Ultraconservative cleric, Ebrahim Raisi, wins Iran’s presidential election

Ebrahim Raisi
Iranian ultraconservative cleric and presidential candidate Ebrahim Raisi waves after casting his ballot for the presidential election, in the capital Tehran, in this file photo taken on June 18, 2021. (AFP)

With most of the ballots counted, conservative judiciary chief Ebrahim Raisi has won 62% of the vote, an Interior Ministry spokesman has said.

Iran’s ultraconservative cleric and judiciary chief Ebrahim Raisi appears to have won the presidential election held on Friday, with other contestants in the race conceding defeat and congratulating him.Outgoing moderate President Hassan Rouhani also said in a televised speech on Saturday that his successor had been elected, without naming the winner.

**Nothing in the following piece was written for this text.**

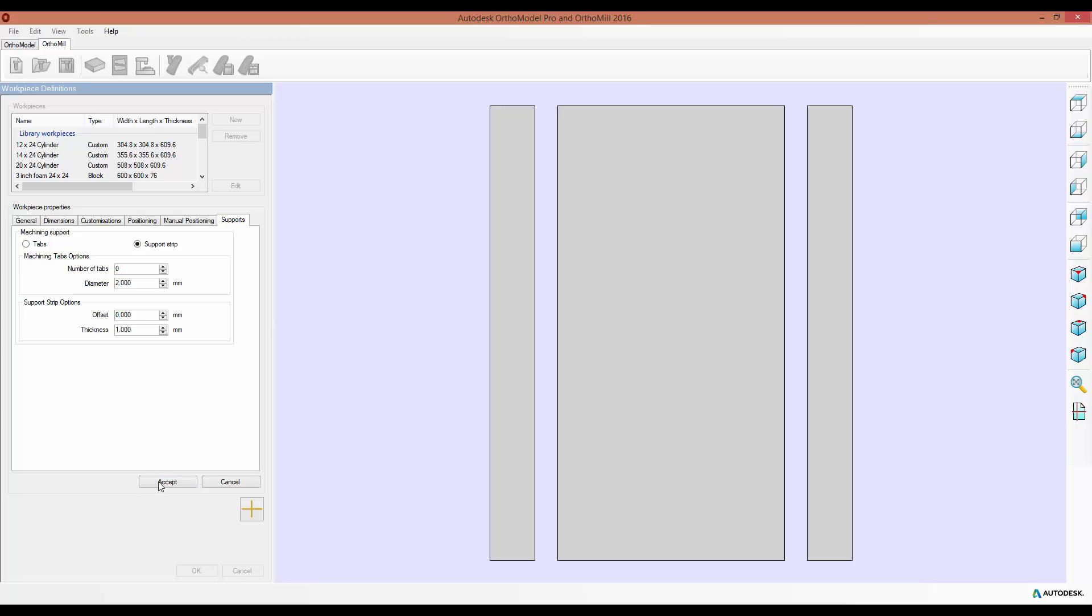And then once you're done, accept everything in the standard way. And this will allow you much more control over your processes, and mean there are fewer things to manually edit each time you create a job.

“I congratulate the people on their choice,” said Rouhani. “My official congratulations will come later, but we know who got enough votes in this election and who is elected today by the people.”

Other contestants — including two ultraconservative candidates, Mohsen Rezaei and Amirhossein Ghazizadeh Hashemi, and a reformist Abdolnasser Hemmati — explicitly congratulated Raisi.

Iranian state television said Raisi had received 62% support, with a majority of the votes counted.

The Interior Ministry is to formally announce the final results later on Saturday, state TV said.

Raisi will succeed Rouhani, who could not run again after serving two consecutive four-year terms. He leaves office in August.

Low voter turnout

Over 59 million Iranians were eligible to vote at home and abroad in Friday’s election.

In the run-up, however, Iranian opposition groups abroad and some dissidents at home had called for a boycott of the vote they see as an engineered victory for Raisi.

Hundreds of moderates were barred from contesting the election by the nation’s Guardian Council.

Turnout appeared far lower than in Iran’s last presidential election in 2017, when over 70% of eligible voters cast their vote. Opinion polls suggested the turnout was just around 44%.

What do we know about Raisi?

Raisi, 60, has been the head of the nation’s judiciary since 2019 and belongs to the ultraconservative camp that most deeply distrusts the United States.

He is notorious for his involvement as a prosecutor in the execution of thousands of political prisoners in the late 1980s.

The EU and the US have imposed sanctions on Raisi for his role in the human rights violations that happened in Iran during the nationwide anti-government protests in 2019.

His win would also give more power to Iranian hard-liners amid ongoing talks in Vienna to revive the 2015 nuclear deal struck by Iran and world powers.

Raisi has harshly criticized President Rouhani since the nuclear deal began to unravel under former US President Donald Trump’s administration.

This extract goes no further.